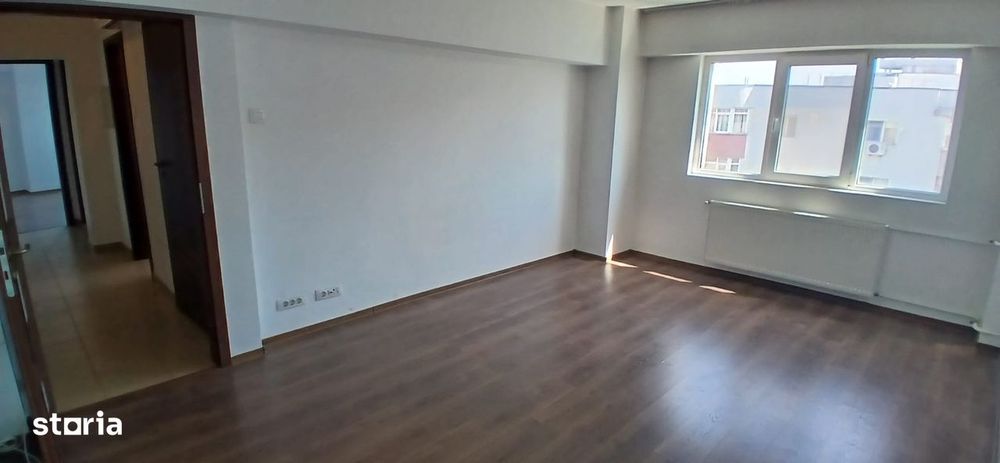 Metrou Academia Militara, 2 camere decomandat, zona Panduri - Marriot
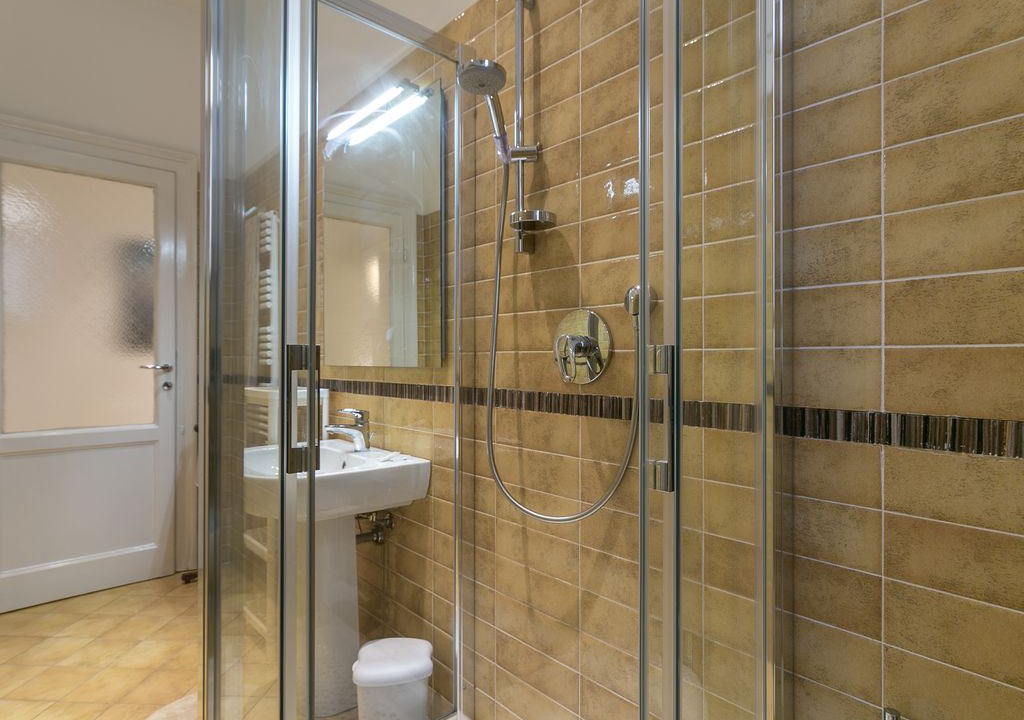 Photo of Bathroom in Bullona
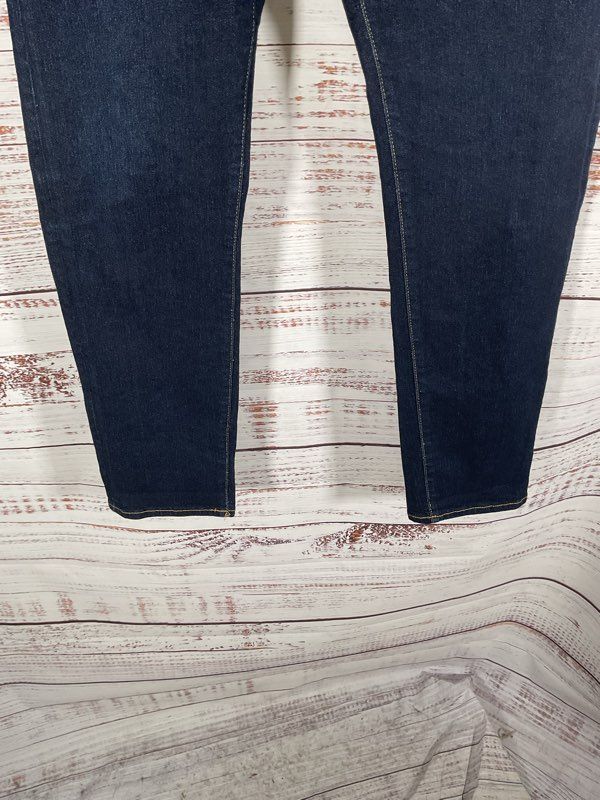 Todd Snyder Men's Straight Fit Stretch 5 Pocket Jeans Size 30x32 Denim Blue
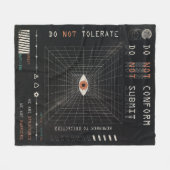 ザウォッチャー – テクノ – ブルタリストストリートウェアデザイン フリースブランケット (正面(横))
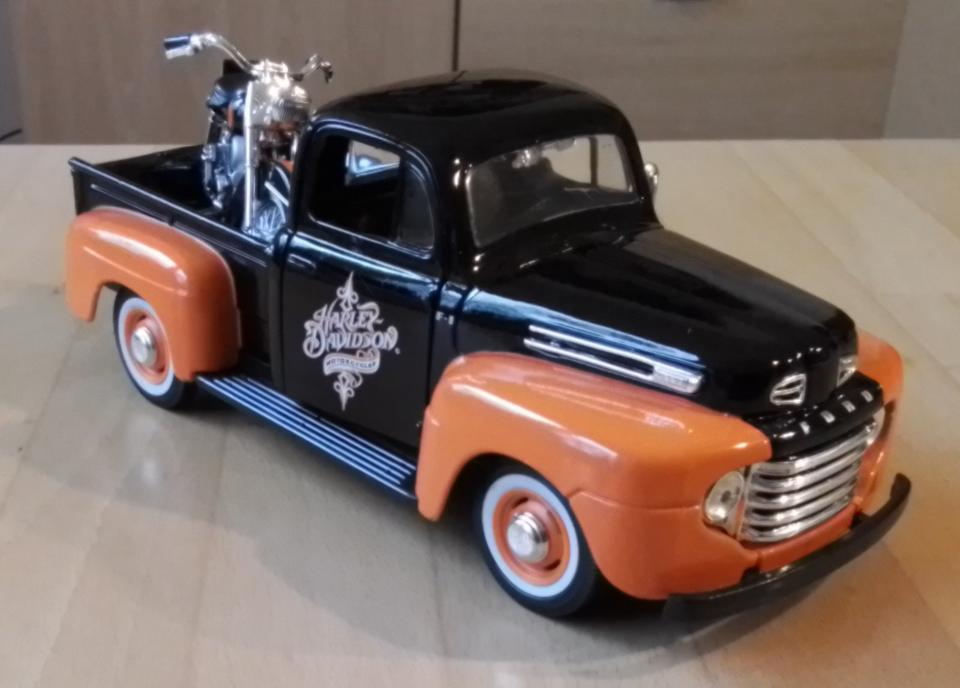 Ford F-1 Pick-Up 1948 + Harley Davidson Duo Glide Custom 1:24 in Babenhausen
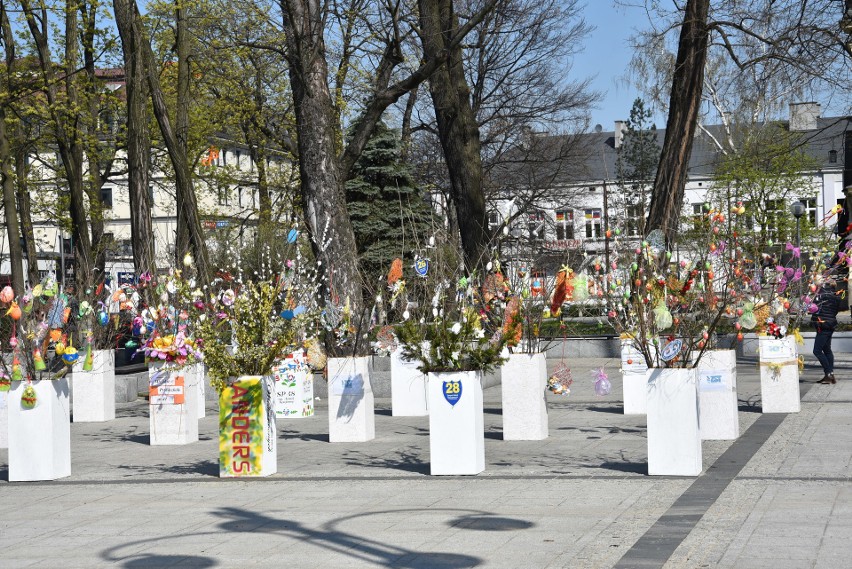 Ogród wielkanocny na placu Biegańskiego w Częstochowie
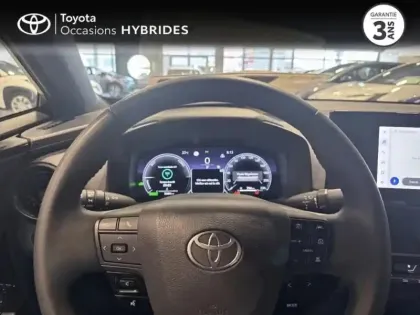 Photo 9 Toyota C-HR  1.8 Hybride 140ch Dynamic NG23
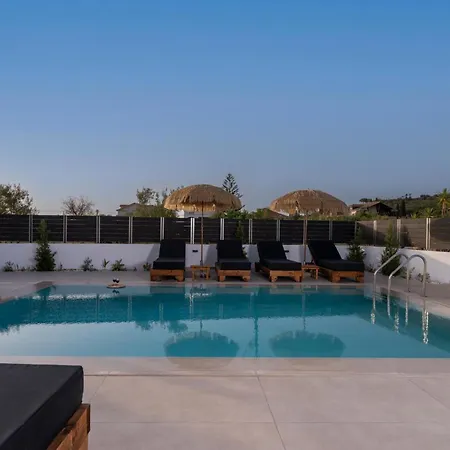 Diamond With Swimming Pool Βίλα *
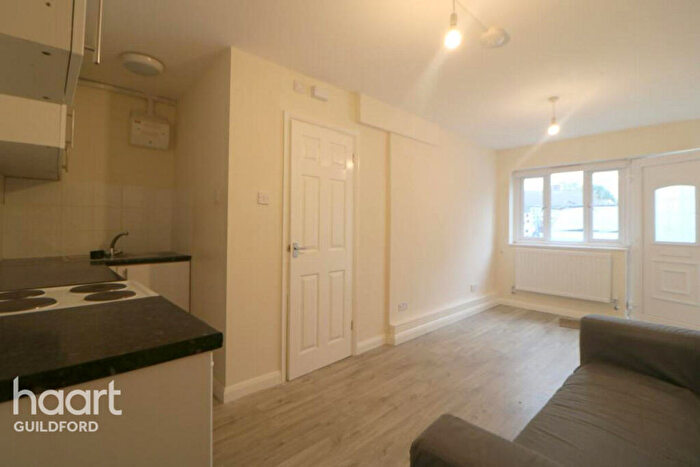 1 Bedroom Apartment To Rent In Applegarth Avenue, Guildford, GU2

* * * *

TASK BRIEF:
Using the listing above, reproduce word for word every line from the one containing "Photo of Bathroom in Bullona" through the one containing "Diamond With Swimming Pool Βίλα *". Pictures must be left out.

TASK SOLUTION:
 Photo of Bathroom in Bullona
 Todd Snyder Men's Straight Fit Stretch 5 Pocket Jeans Size 30x32 Denim Blue
 ザウォッチャー – テクノ – ブルタリストストリートウェアデザイン フリースブランケット (正面(横))
 Ford F-1 Pick-Up 1948 + Harley Davidson Duo Glide Custom 1:24 in Babenhausen
 Ogród wielkanocny na placu Biegańskiego w Częstochowie
 Photo 9 Toyota C-HR  1.8 Hybride 140ch Dynamic NG23
 Diamond With Swimming Pool Βίλα *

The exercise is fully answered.